Saturday, December 27, 2008

The Lost World of the Public Library

Here in Las Cruces, New Mexico, the city's public library, called the Branigan Library, sits basically in the center of town. The problem with Las Cruces is that there are no satellite branches, so there's one big library in the center of town.

I'll admit, this isn't a huge city, but for people like me who live on the edges of town, we may find ourselves as far as 10 to 15 miles away from the library. For the more economically disadvantaged in the area (most of whom live on the southern or eastern part of town), this means either a multi-stop, multi-change over bus ride just to get downtown. So for some of them, the public library simply isn't on their to-do-lists.

For me, I try to take my children (as in my sons, not my students) to the library at least twice per month, where we check out books by the dozens. The things I always notice about the library is that it's never very crowded, the majority of people that are in there are there for the public computers, the overwhelming majority of people in there are adults, and that the library is a safe haven for people that have no other place to go.

The problem with this all is that there are never very many children in the library, which is, in my opinion, the people the library should mainly be trying to serve. It's great that there are resources out there for adults, but kids are the ones who need to read, and for most of them, their school libraries are simply not adequate in terms of broad interests in books, and a trip to Barnes & Noble is simply out of the question, because it's so expensive.

After talking to a few of the librarians at the local public library about my concern, they had a few things to say as well.

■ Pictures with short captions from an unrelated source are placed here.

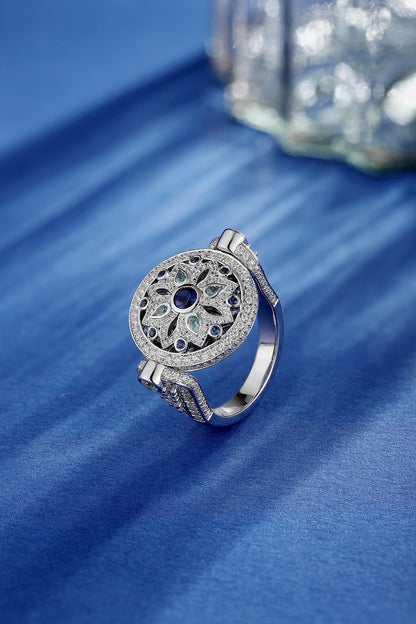 Pirmiana New Design Jewelry S925 Silver 0.525ct Lab Grown Blue Sapphire Ring for Women/ Men Wedding Gifts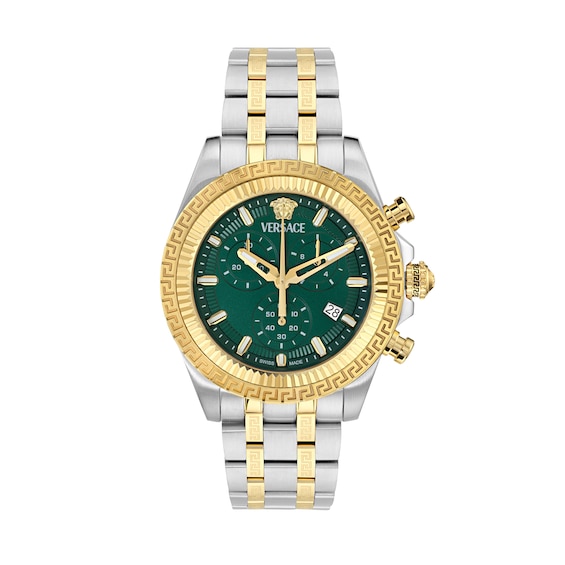 Men's Versace Fornax Green Dial Two Tone Stainless Steel Bracelet Watch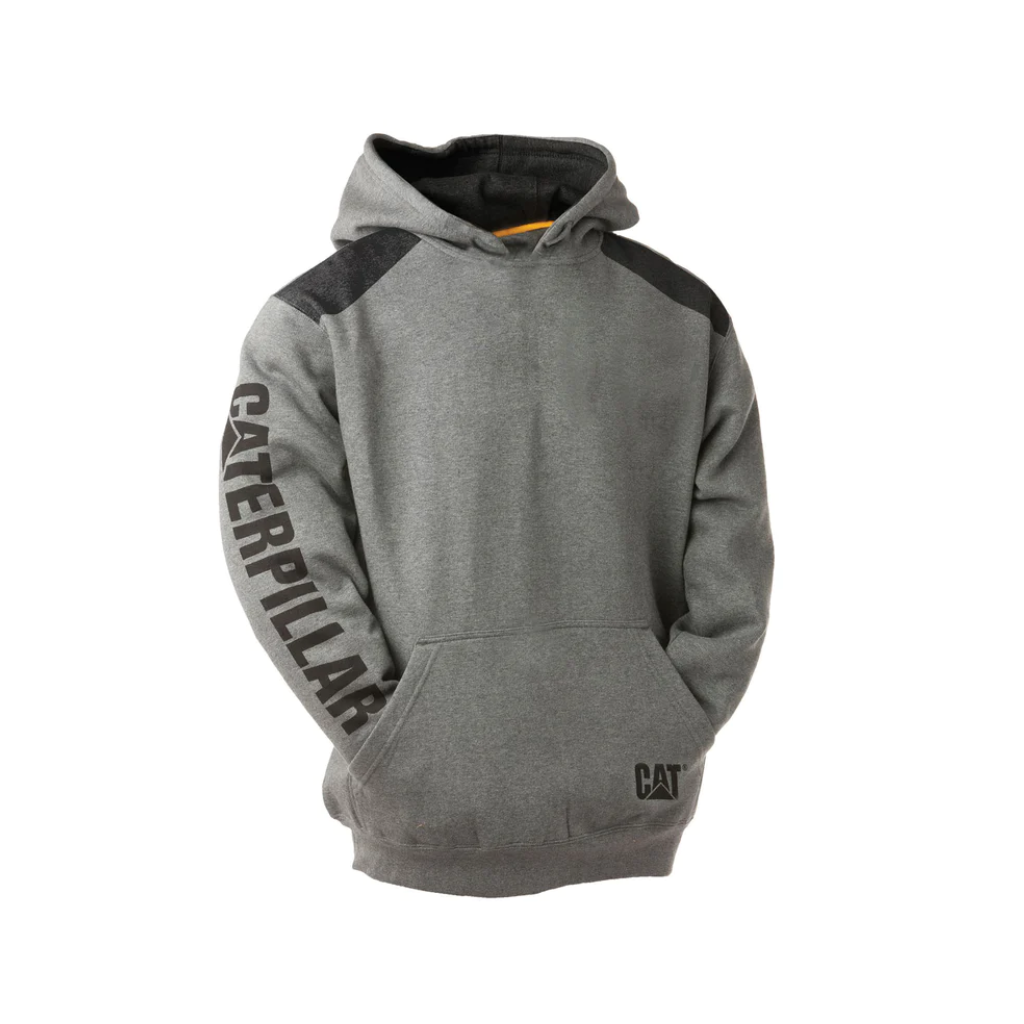 Cat Workwear Logo Panel Hooded Sweatshirt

They said that first of all, the libraries are a by-day shelter basically for many homeless people who just want a roof over their heads. They said that as long as these people don't cause any trouble, they have as much right to be in there as anyone else. They confirmed that the majority of patrons enter the library to use the public internet computers, and that on any given day, there are probably ten books checked out to adults for every one to a child.

There are many different directions I can choose to continue on from here, because the issue of how to get kids in the public library, and why it seems that less are going is obviously one that has many influences. Let's just start from the angle of why I have defined public libraries as "the lost world." As a student at New Mexico State University for many years, I have lived near the main undergraduate library (the Zuhl), and have spent time in the graduate library (the Branson).

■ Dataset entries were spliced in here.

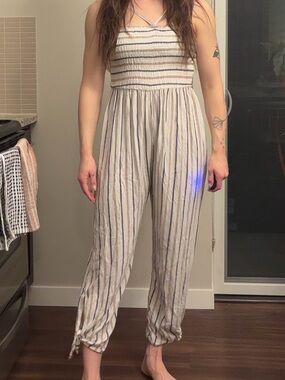 India boutique Cream and Navy Vertical Stripe Strapless Jumpsuit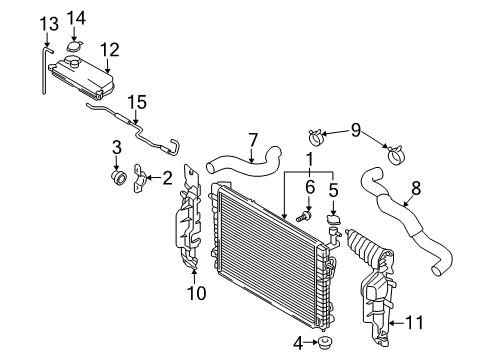 2010 Kia Sportage Radiator & Components Hose-Radiator To Reserve Diagram for 254512E050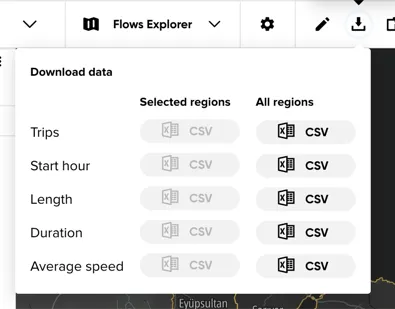 The Download results popup, with a row per data type and Selected regions / All regions CSV download columns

As an undergradute, I never had any massive need to enter the university libraries, and even now, as a doctoral student, the majority of research and texts that I need can be found online through the university article search features (which aren't cheap, but are included in the cost of tuition).

Applying this to public libraries, I'm beginning to think that people decide that if their kids can't find the books at school, then they can't find them. They decide to find those resources online (if the kid is interested in fantasy books, why take them to the public library to get The Lord of the Rings when they can read fantasy fiction online?) Of course, there's also a major problem of parents not knowing or caring what their kids are reading (if they're reading at all). But that's an entirely different discussion that could go on for days and weeks.

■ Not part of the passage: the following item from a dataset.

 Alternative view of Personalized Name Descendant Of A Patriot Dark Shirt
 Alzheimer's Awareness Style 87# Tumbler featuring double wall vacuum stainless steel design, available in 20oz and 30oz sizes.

I have asked my own students about their perceptions of the public library, and can basically summarize their opinions in a few ways, which I'll try to do without offending anyone. In the state of New Mexico (I say this because I don't know how it works in other states), a school librarian does not have to be certified as a librarian, in fact, they don't have to be certified at all. They make about the same pay as an educational assistant, and are basically required to have the same amount of education (a high school diploma, some college preferred).

The problem then is that the person in the building who should be a resource to teachers and students alike has less knowledge and skill in the area of children and young adult literacy than probably anybody else in the school. The students see this, have to deal with it every time they walk in the door, and begin to associate the library with boredom and tedium.

This isn't true at the public library level, at least in most decent sized cities. There are many certified librarians who have that appropriate educational background, people who understand literacy issues, who children read and why, and who actually know the books and authors. The problem is, many kids get disillusioned at school, or have apathetic parents, and never make it to the library to begin with.

One of the great, eye opening experiences I've had while running this blog is that I've come across some professional librarians, and they are the people who should be running the libraries, not just at the public level, but in our schools as well. Librarians who read the children and young adult literature, who try very hard to stay at the forefront of new reads, and who know the ways to get those books on their shelves as soon as possible upon their release.

We need more of those people, as well as those who advocate the use of public libraries. We need to educate parents that these places are great resources to keep their children loving literature, a great place for children and adults alike to find not only books, but movies, documentaries, video games, cook books, magazines, etc. We also need to, as teachers and literary professionals, bring clarity to children about the joys of holding a book, and the satisfaction that comes with finishing one. We need to show children how much more fulfilling a book is than a web page or texting on a cell phone. If we can't get kids in the libraries, they surely will become lost, they're already practically empty.